|Anglers are to lobby the State Government to ensure many of the Port River’s best fishing spots are excluded from a proposed dolphin sanctuary.
The South Australian Recreational Fishing Advisory Council yesterday expressed alarm that popular locations including Pelican Point, St. Kilda, Outer Harbor and The Barker Inlet could be declared off limits to the anglers.
A map of the proposed dolphin sanctuary study area released this week covers waters from Largs Bay through to Pt. Gawler and the entire Outer Harbor/Torrens Island waterways.
The waters within the study area produce large numbers of blue crabs in spring and summer, and mullet, whiting, mulloway and bream all year round.
The sanctuary is being established ot protect more than 250 dolphins that live in the Port River area.
SARFAC executive officer Trevor Watts said yesterday tens of thousands of anglers would be disadvantaged if all locations within the study area were closed to fishing.

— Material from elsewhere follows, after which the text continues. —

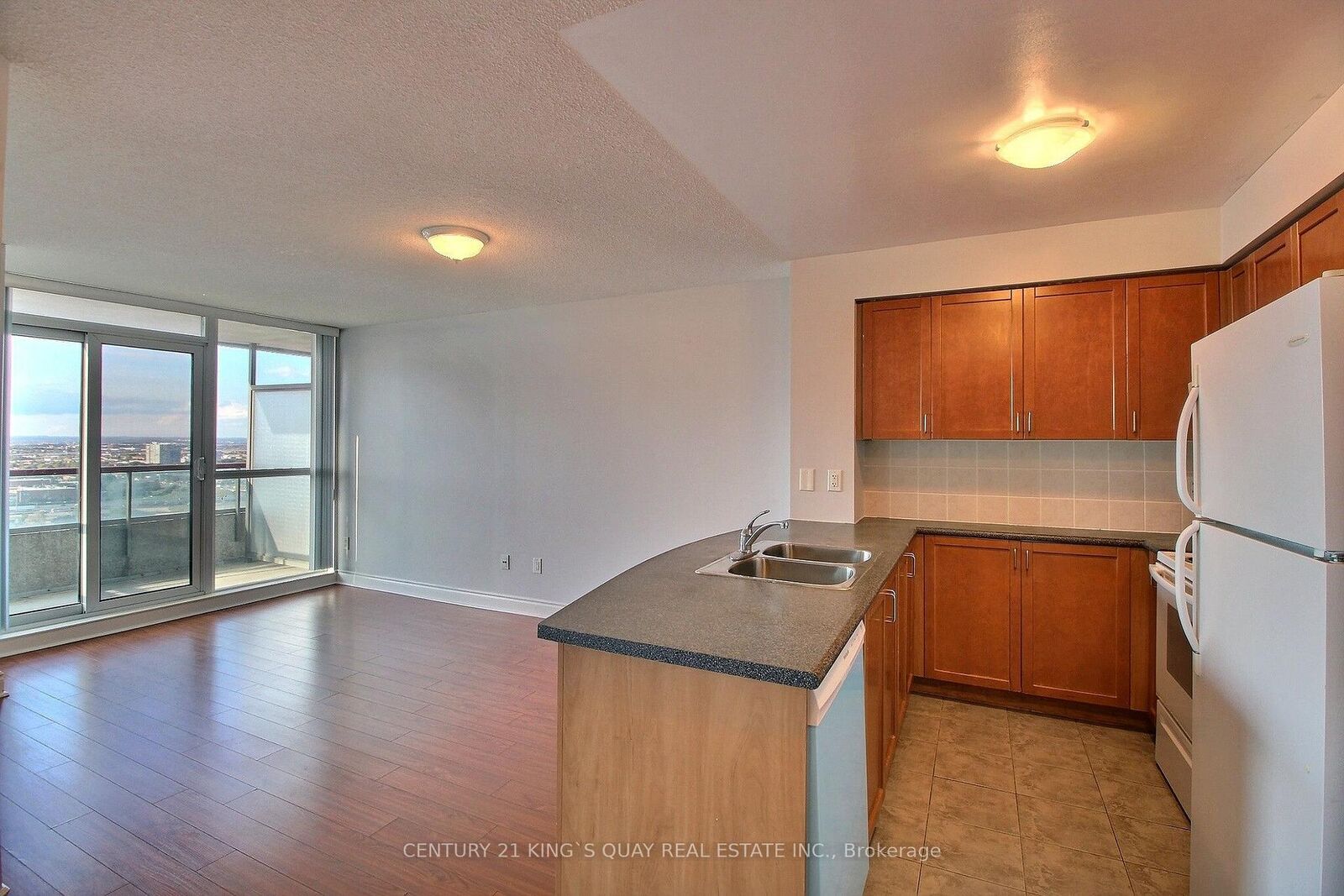 Property Photo:  60 Brian Harrison Way 2205  ON M1P 5J5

“There are 453,000 recreational anglers in SA and a large chunk of them fish in this area regularly,” he said.
“We acknowledge the map is only a study area, but previous experience tells us these often turn out to be what actually happens.
We will be doing everything we can to ensure these areas are kepy open for fishing.”
Chairman of the metropolitan Recreational Fisheries Committee Geoff Thomas said the Port River area was a “socially important recreational fishing location” because of its accessibility.
Tackle shop owners were also concerned at the scope of the sanctuary following the closure of West Lakes to recreational anglers.
“Further losses due to possible restrictions to access for recreational anglers in the Port River will lead to the collapse of their business,” he said.
Environment Minister John Hill said yesterday any decision on possible closures within the sanctuary was some way off.
“I cannot rule out that in or out at this stage. No decisions have been made on that yet.,” he said.
“There is certainly an issue to do with entanglements in fishing lines.”
“It seems to me we should be addressing the fishing line issue, not whether or not people fish there.”
I’m more worried about the pollution that goes into the water than people fishing in it.”
Mr Hill also said the study area map was not the final boundary of the sanctuary.
“We have not determined yet where it ought to be, that is why we are consulting,” he said.
Public submissions to the steering committee close on September 27.